岩本さんらが発見した新彗星(矢印、岩本さん提供)

 徳島県阿波市阿波町早田のアマチュア天文家・岩本雅之さん(64)らが新彗星(すいせい)を発見し、「マックホルツ・藤川・岩本彗星」と命名された。日本人による彗星の発見は、岩本さん自身による2013年3月以来、5年ぶり。国際天文学連合(本部パリ)の天文電報中央局(米国)が11日(現地時間)に発表した。

 岩本さんの発見時刻は8日午前5時10分ごろ。自宅2階のベランダから、天体撮影専用レンズ付きのカメラで約50枚撮影した。

 画像をパソコンに取り込んで分析したところ、東の空を撮影した3枚がおとめ座の中に彗星をとらえていた。岩本さんは星図やインターネットで調べて未確認の彗星と判断し、国立天文台(東京)に画像データを送った。

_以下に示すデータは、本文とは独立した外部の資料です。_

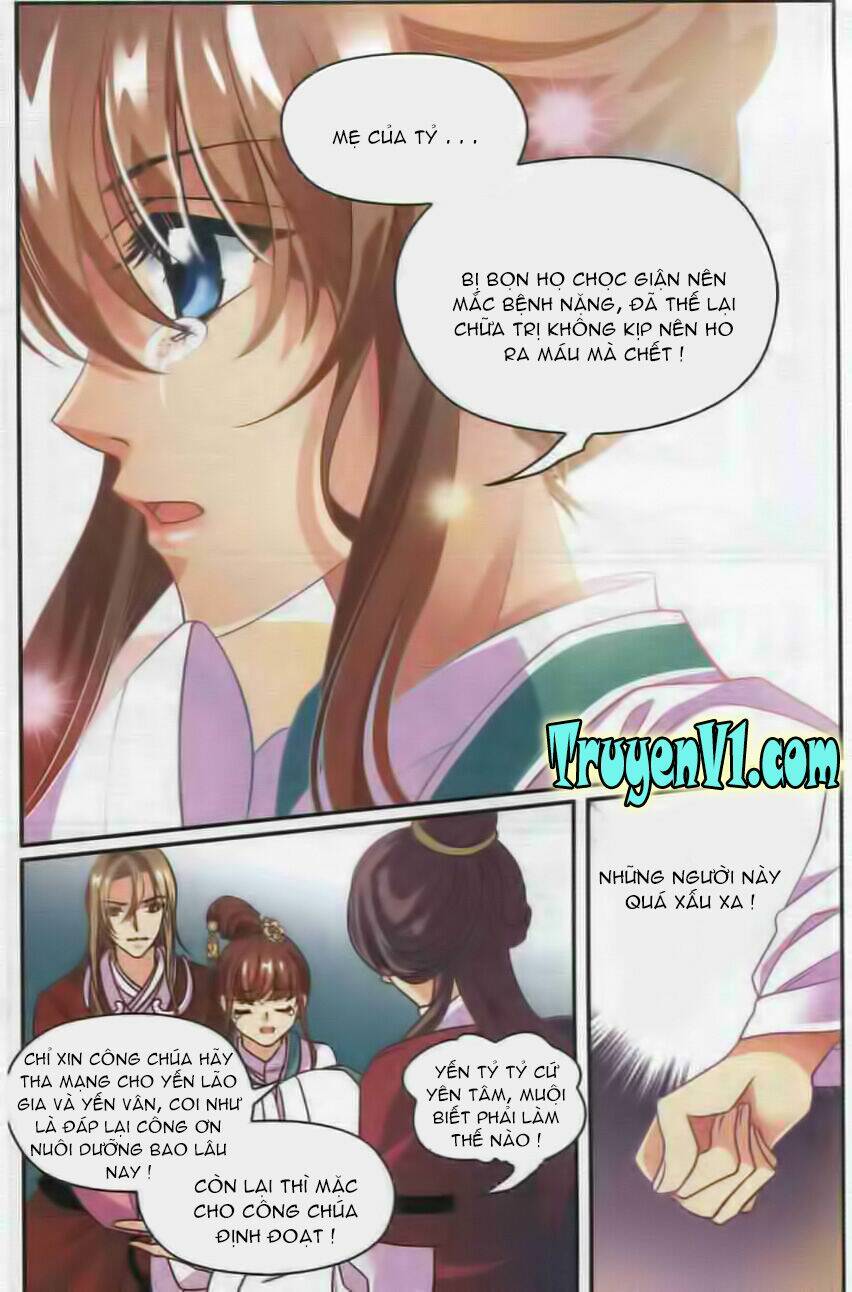 Thiên Hạ Đệ Nhất Manh Phu: Chapter 20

 10等星程度の明るさで、肉眼では確認できない。今回の彗星は、香川県観音寺市の藤川繁久さんと米国のD・E・マックホルツさんも発見しており、発見順に「マックホルツ・藤川・岩本彗星(Machholz―Fujikawa―Iwamoto)」と名付けられた。

 阿南市科学センターによると、海外の大学などの研究機関がロボット望遠鏡を用いて自動観測を行う中、アマチュアによる新彗星の発見は極めて珍しいという。今村和義学芸員は「岩本さんの日々の観測の積み重ねが実を結んだもので、ものすごい快挙だ」と話す。

 天体観測歴四十数年の岩本さんはこれまで小惑星19個を発見、5個は「阿波」「土柱」などと名付けられた。13年には、13等星の彗星を発見し「Iwamoto」と命名されている。岩本さんは「運が良ければもう一度発見できるかなと思っていたが、前回よりも明るい彗星を発見できてとてもうれしい」と話した。